Estava bem longe o tempo de seu apogeu. As grandes glórias de sua carreira haviam ficado esquecidas nalguma mesa de cabaré dos anos 40. Nem a radiofônica explosão da Nacional carioca, no começo da década de 50, foi suficiente para, outra vez, espalhar as radiações de seus lamentos, desesperos, mágoas, angústias, pelos vários cantos do país. E mesmo assim, embora já não encontrasse intérpretes dispostos a assumir a desabrida e sincera vulgaridade que sua imaginação desfiava, ele continuou compondo, e cantando, e até mesmo começou a trabalhar pelos próprios companheiros, atirando-se com incansável empenho na luta pelo respeito aos direitos autorais.
Há alguns meses, porém, pelas graças sempre bem-vindas de Elis Regina, Gal Costa e Caetano Veloso, carinhosos recriadores de alguns de seus velhos sucessos (“Cadeira Vazia”, “Volta” e “Felicidade”), até mesmo a juventude, que talvez o conhecesse de nome mas com certeza não tinha interesse em conhecê-lo de perto, passou a incluir seu nome na lista de seus fugazes amores. E Lupicínio Rodrigues desfrutou o seu renascimento – como todos os clássicos.

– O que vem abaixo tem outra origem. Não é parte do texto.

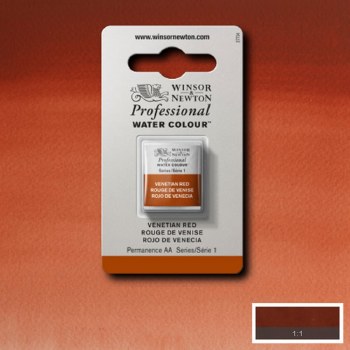 W&N Professional Watercolour Half Pan Venetian Red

No dia 10 de maio, a cabeça meio calva rebrilhando pelo suor que uma bateria de refletores fazia brotar, humildemente ele comentaria, durante a gravação de um programa da “Séria Documento”, nos estúdios do canal 13, Bandeirantes de São Paulo, os efeitos do novo sucesso: “Bem, pelo menos tem mais gente moça frequentando meus dois bares em Porto Alegre”. Seria sua última, e efêmera, alegria. Doente dos rins, o coração enfraquecido, apenas duas semanas antes de completar 60 anos, na terça-feira, dia 27 de agosto, Lupe morreu.
Som controle Quarto filho de uma fiada de 21, o menino Lupicínio nasceu em Porto Alegre, no bairro da Ilhota, junto ao arroio Dilúvio, num mês particularmente pródigo em enchentes – a parteira que o trouxe ao mundo chegou de barco à casa dos Rodrigues. E a sua infância, pobre mas sem dificuldades, dividiu-se entre muitas peladas, algumas surras e bem poucos estudos. Para manter o filho sob alguma forma de controle, o pai o inscreveu como “voluntário” no Exército. E foi na tropa que ele iniciou sua carreira artística, em fins da década de 20, como cantor de um conjunto formado por soldados.
Lupicínio jamais tocou qualquer instrumento. Mas em 1932, com 18 anos, ganhou um elogio de Noel Rosa, que visitava Porto Alegre, e ouviu o colega gaúcho cantar marchinhas de carnaval. Estimulou-se. E, em 1935, de parceria com o cantor Alcides Gonçalves, começou a compor profissionalmente. A dupla produziu, por exemplo, “Pergunte aos Meus Tamancos”, “Quem Há de Dizer”, “Maria Rosa”, “Cadeira Vazia”.
Mas de que maneira, numa época praticamente sem comunicações, conseguiria um compositor gaúcho fazer sucesso nos grandes centros artísticos do país, São Paulo e Rio de Janeiro? Para Lupicínio, houve “quase um milagre”. Na década de 30, alguns cabarés de Porto Alegre, que só tocavam suas músicas, eram exclusivamente frequentadas por marinheiros – e esses viajantes levaram, num processo de transmissão boca-a-boca, os versos de “Se Acaso Você Chegasse”, até um produtor da RCA Victor, no Rio de Janeiro. No dia 19 de julho de 1938 o samba foi gravado por Ciro Monteiro. Através dele, Lupe e o próprio Ciro se tornaram conhecidos em todo o país.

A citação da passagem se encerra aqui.